When brainstorming, planning and designing new products, whether they be goods or services, you can take advantage of the data in your CRM to help with decision-making regarding things like size, scale, pricing, functionality, and target market. This is achieved by looking at past product sales, reviews, issues, and other product data which is lurking inside your CRM data warehouse.
When planning product sales, especially with manufactured goods, most companies offer warranties to their customers to give them extra assurance that the goods will deliver as promised.
Since there might always be a percentage of customers who are not satisfied and will file a warranty claim, it’s a good idea to have knowledge beforehand regarding the likelihood and volume of these warranties. CRM data mining analyzes historical data about warranties and can give you solid predictions going forward.

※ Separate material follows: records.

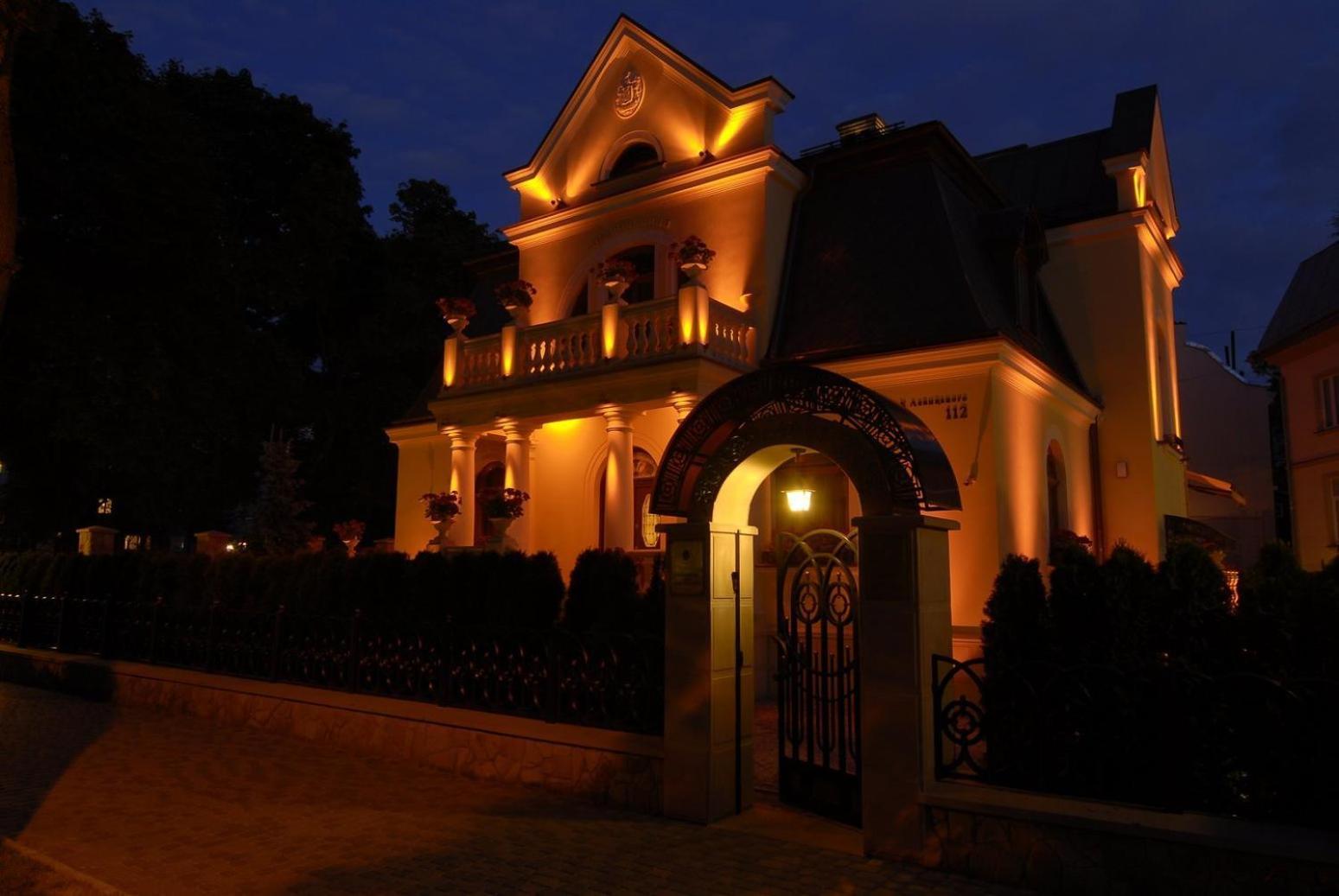 Luxury Boutique Andreevskiy Leópolis Exterior foto
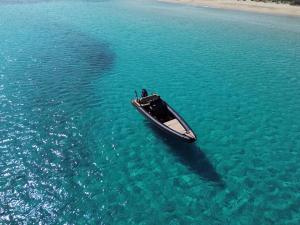 帕罗斯岛CycladesCharters: Discover Hidden Gems in Paros!的水中的小船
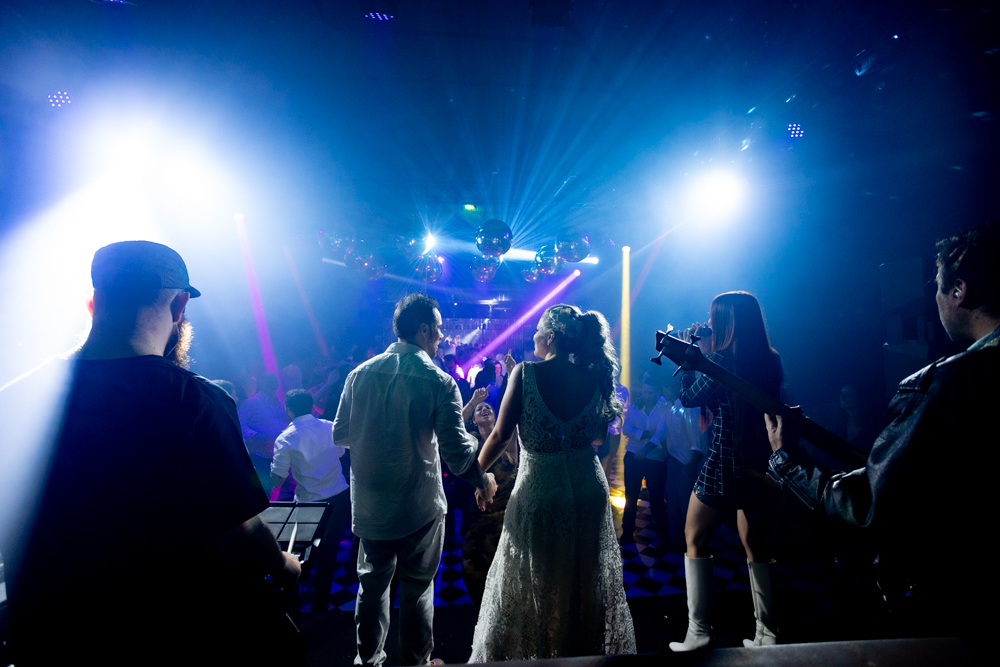 fiesta de casamiento, novios, recien casados, boda de destino, uruguay, argentina, eliana janka, 54 fotografia, fotoperiodismo de bodas, paola schegtel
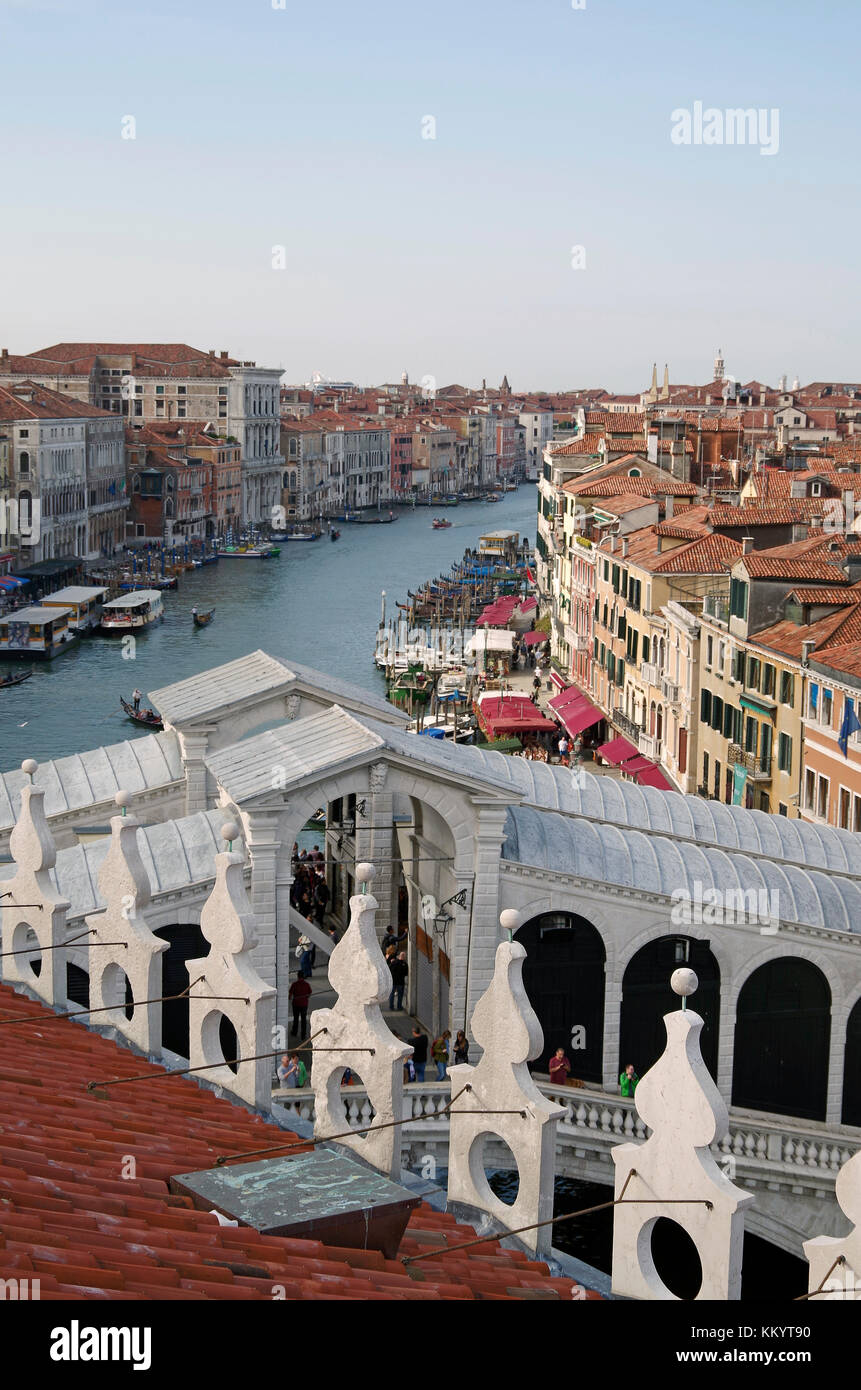 Vista dalla nuova terrazza sul tetto del Fontego () del Fondaco dei Tedeschi, adiacente al ponte di Rialto, Foto Stock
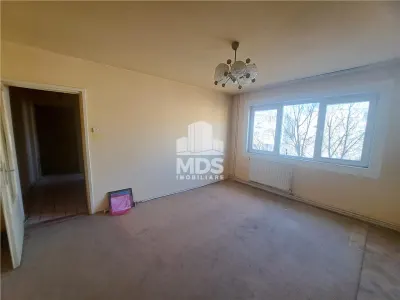 3 CAMERE, ETAJ INTERMEDIAR, CENTRALA TERMICA, SAGULUI! - Timisoara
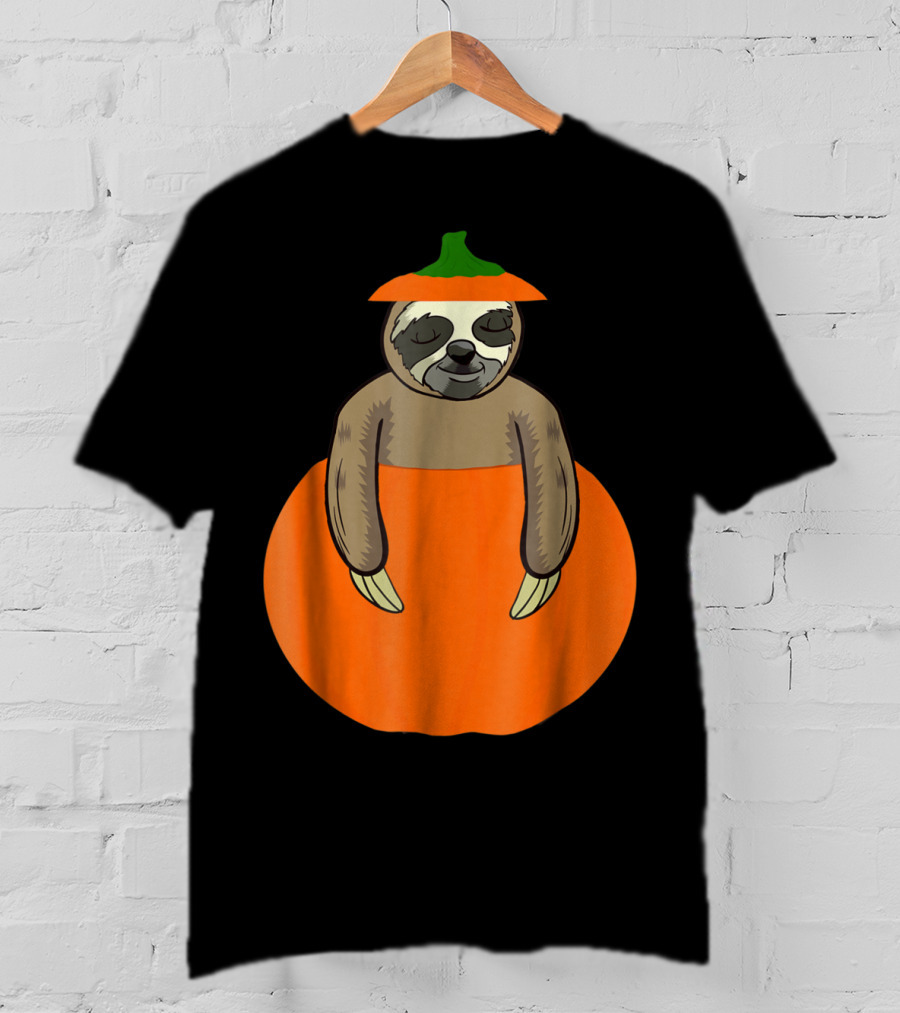 Cute Sloth Pumpkin Halloween Costume For Teacher Mom And Dad T-Shirt
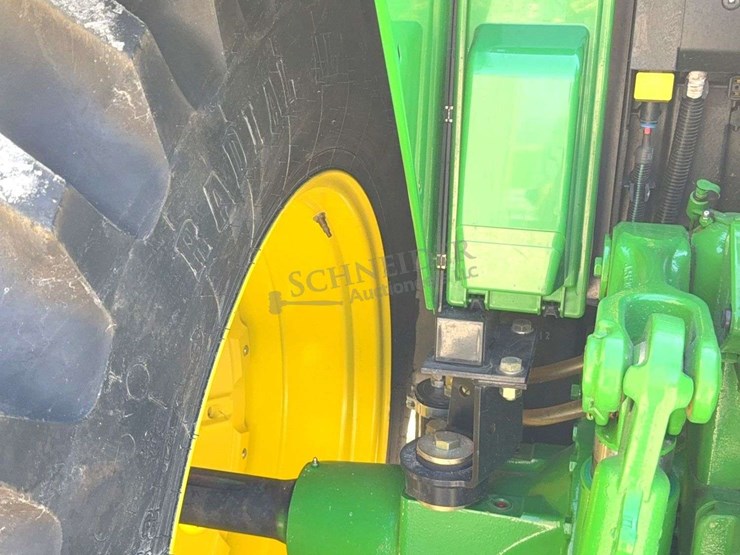 2004-john-deere-7320-image-34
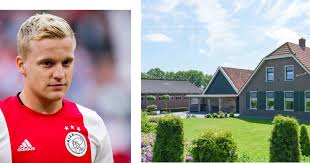 Donny van de beek is niet langer vrijgezel. Donny Van De Beek Goals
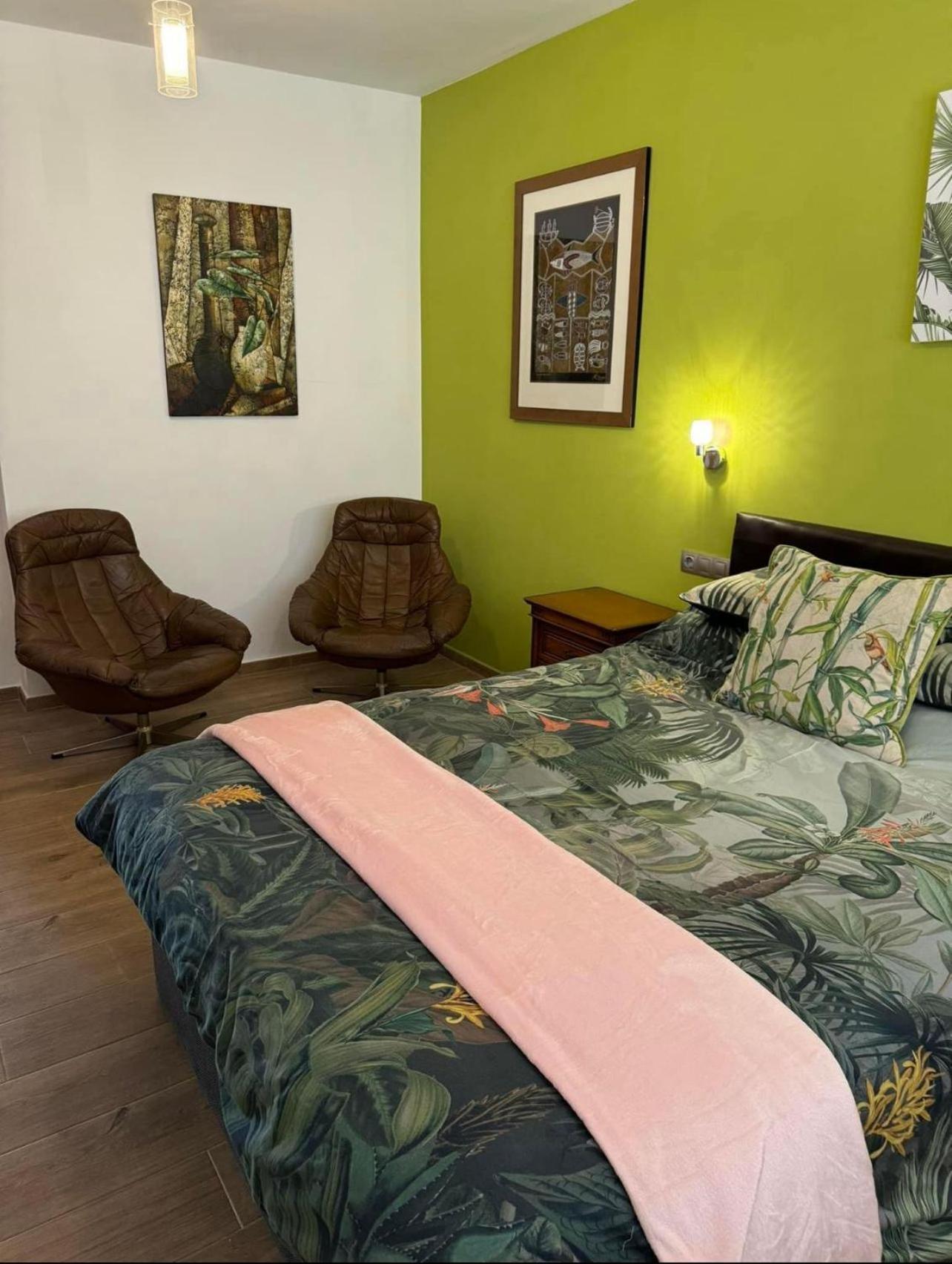 Self Catering Luxury In The Beautiful Area Of Puerto Santiago Tenerife With 5 Bedrooms 2 Sofabeds For Up To 10 Guests Private Swimming Pool And Many Other Activities To Entertain The Family Secure Parking For 2 Cars And Disabled Access Througho * Puerto de Santiago (Tenerife)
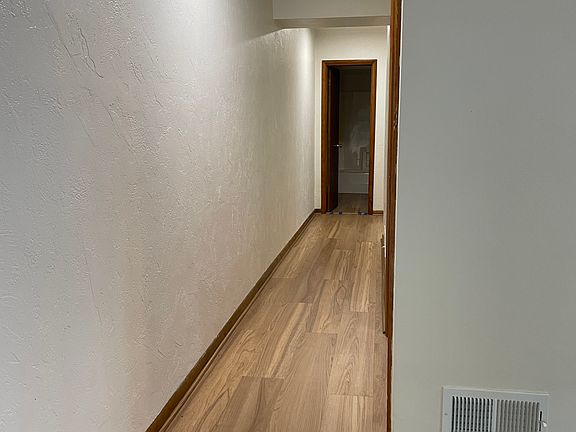 5th image of 788 Hazelwood Ave APT B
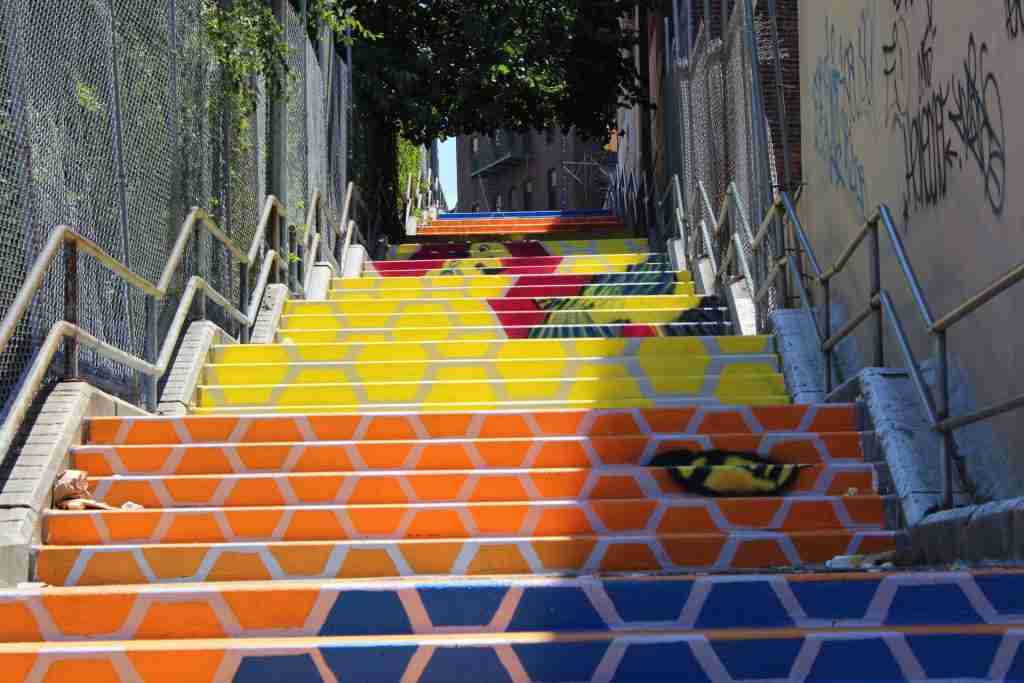 Two New Bronx Murals Encourage Pedestrians to Take the Stairs, NEXTCITY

Not all business runs smoothly, and not all customers are one hundred percent honest. By applying data mining to your CRM historical data, you can spot instances of fraud, fraud patterns, and other red flags to help you catch fraud early and deal with it, or to prevent fraud in the future by refining your anti-fraud practices.
There is little need to spell out the advantages of data-based fraud detection for your CRM and sales endeavors.
To sum up again, in this article, we’ve gone over the definition of CRM and then looked at the elements of data modeling that are applied to CRM software. Afterward, we discussed exactly what kinds of data our CRM systems generate. Then, we went over the 5 CRM data mining techniques, after which we looked at the various applications and benefits of doing data mining with your CRM information.
Of course, there are many types of CRM platforms and all of which produce slightly different data. It is analytical CRMs which are most poised to collect and aggregate the largest data sets of them all, as these systems have the right tools to break down, segment and analyze data, and from there, make descriptions, predictions, and forecasts.
All in all, the main takeaways regarding data mining as a means to improve customer relations are as follows. Leveraging data and business intelligence means you have a better idea of who your existing customers are and what they like, as well as what your potential market for new customers is all about. You boost customer loyalty and customer satisfaction, reduce waste and avoid errors, and increase ROI and profitability for your business.
Can you complain about any of that? We don’t think so. In the end, we hope you are using a CRM, and you aren’t letting all that priceless CRM data go to waste. Mine that stuff for gold!